Sunday, September 08, 2013

Skeptical Accents

“Foreign accent syndrome” is a neurological condition wherein sufferers, usually after experiencing some form of brain damage, allegedly start speaking with a “foreign accent.” This recent news article mentions the recent case of a British woman prone to migraine headaches who allegedly woke up one morning with a Chinese accent, and another who started speaking a la Français.

Color me skeptical. Just how authentic are these accents, anyway? Is that woman speaking with a real Chinese accent, or what English-speakers think a Chinese accent sounds like? Did they ask any genuine Chinese immigrants what they think about her new speech patterns?

Accents, of course, are relative; everybody insists they speak their native language “without an accent.” I was born and raised on America’s east coast, and speak what I consider “unaccented English,” but if I went to Britain everyone would say I have an “American accent,” and in America’s Deep South I have a “northern accent.”

When you say someone speaks your native language with an accent, what you actually mean is that they pronounce it differently than you. And there’s two basic types of differences: sounds from your language which foreigners cannot pronounce, and sounds in their language which you cannot pronounce. (If you, a native English speaker, are talking to someone who speaks with a German accent, there’s a good chance the German cannot produce the “th” sound, but can sound certain gutturals which your English-speaking self can’t replicate.)
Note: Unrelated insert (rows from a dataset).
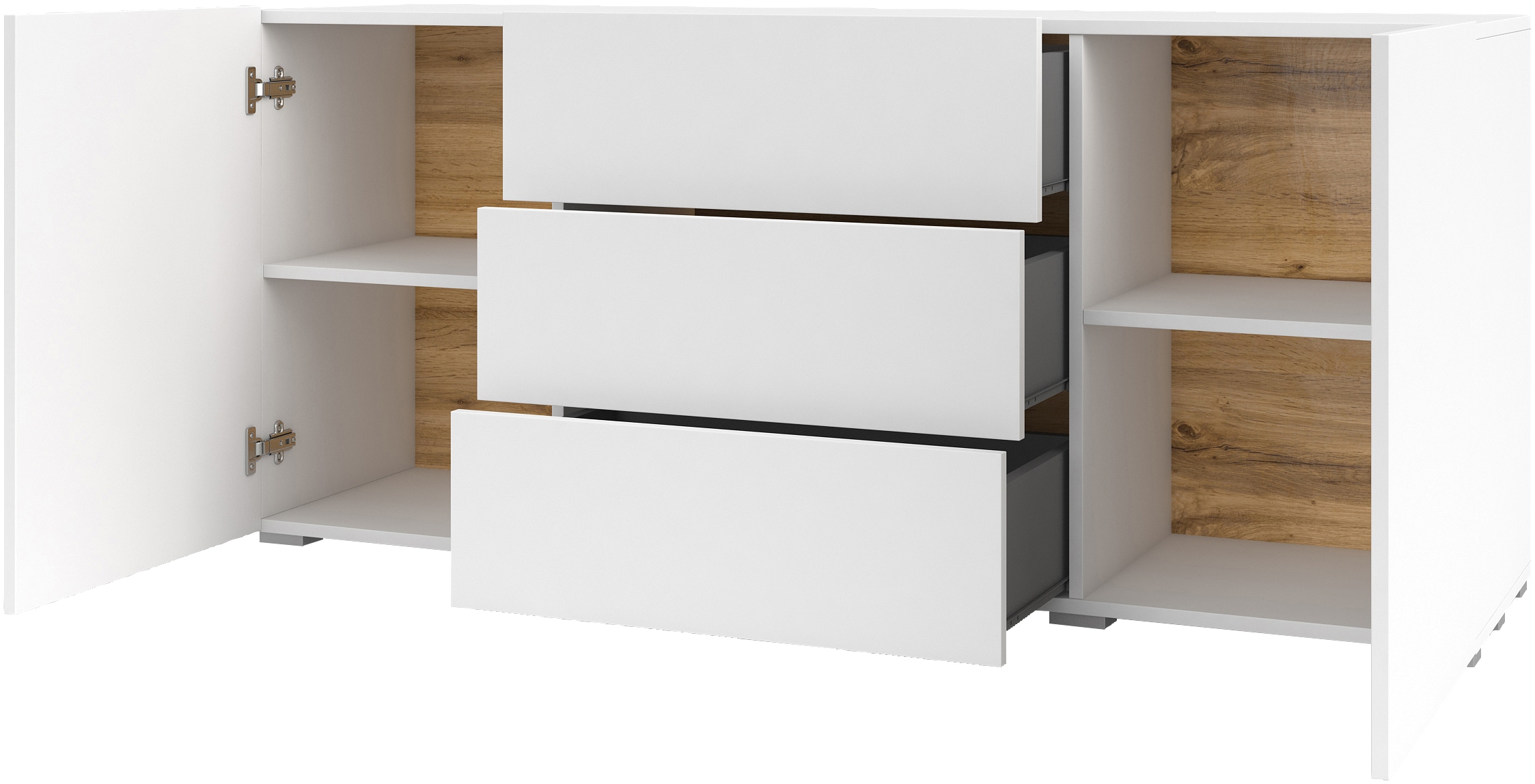 INOSIGN Sideboard »Ava, Breite 140 cm, hängend und stehend montierbar«, moderne grifflose Kommode, Schubladenschrank, 2Türen/3Schubkästen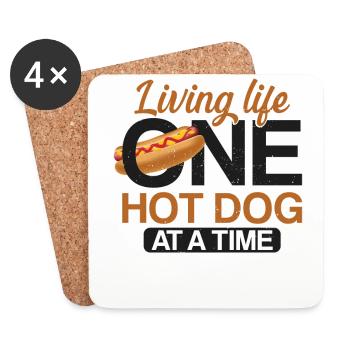 Hot Dog Adult Living Life One Hot - Coasters (set of 4) - white - Front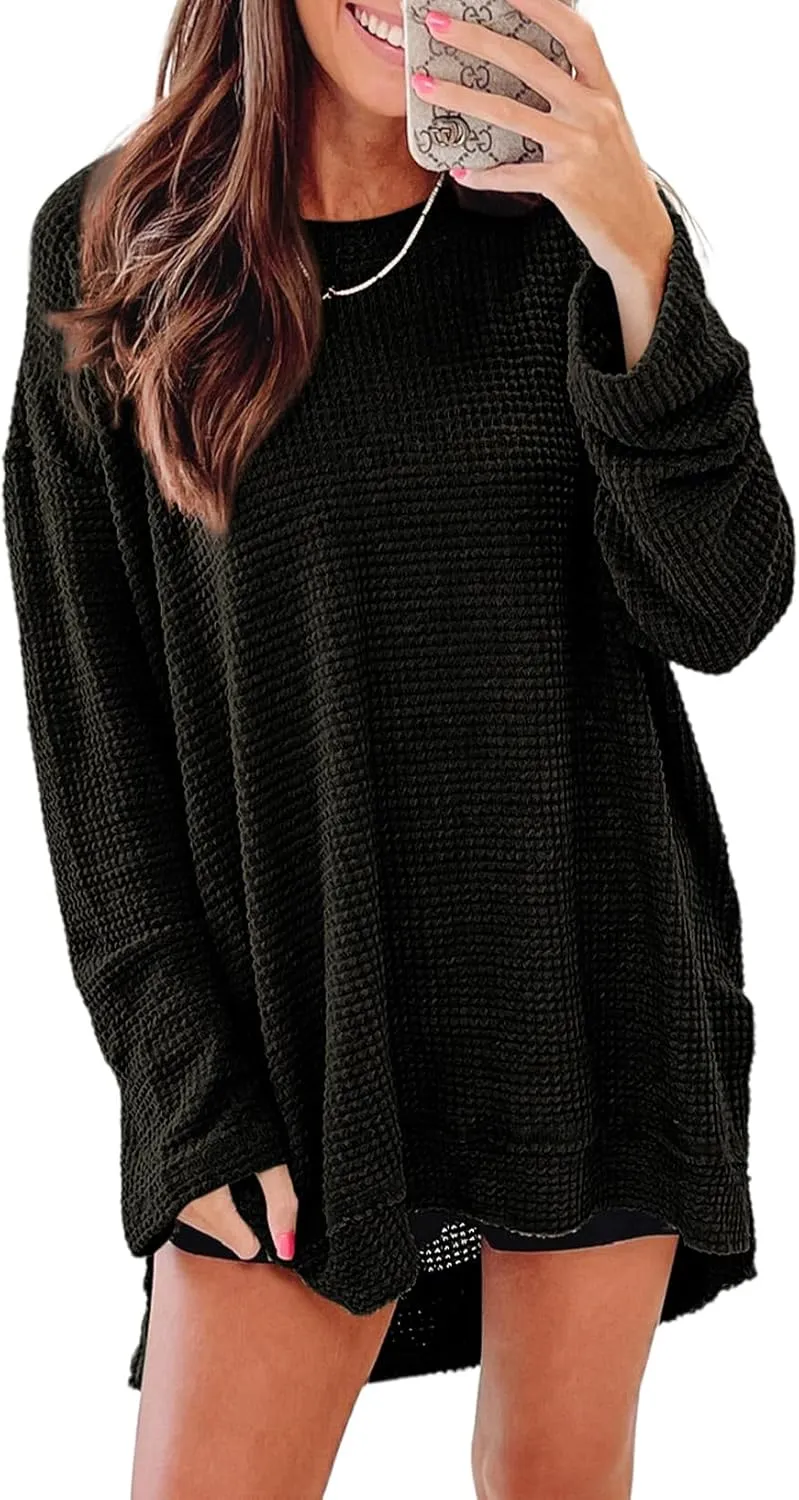 SHEWIN Long Sleeve Shirts For Women Oversized Sweatshirt Crewneck Waffle Knit Spring Tops for Women 2025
So, for these people who get brain damage and wind up speaking “with foreign accents”: how much of that is “sudden inability to produce common English sounds” versus “sudden ability to pronounce non-English sounds?” That Englishwoman who developed “a French accent” – did she suddenly wake up with the ability to accurately pronounce French nasal vowels, or is she speaking more like “Zank Evan for leetel guhrlz?”

I once saw an episode of Graham Norton’s British talk show, where Norton found some American tourists in the audience and had them spend time backstage with a British vocal coach to learn how to pronounce certain phrases while sounding “British” rather than “American.” So he brought out the Americans and had them say sentences that repeated certain vowel sounds. To my American ears they sounded authentically British but, judging by the laughter of the British audience, I gather a real Briton wouldn’t be fooled for a second. Nor do I think I could do any better -- a Briton would likely say I have an “American accent” regardless of how I try to talk, because I’m apparently incapable of pronouncing certain words “the British way.” (Indeed, that episode of Graham Norton suggests I’m not even capable of hearing the difference between “a genuine British accent” and “an American trying and failing to replicate one.”)

My point is, I don’t find it surprising that certain types of brain damage can result in people suddenly losing the ability to “properly” pronounce words according to the standards of their native accent, but I highly doubt they are actually replicating an authentic “foreign accent” relative to their native one.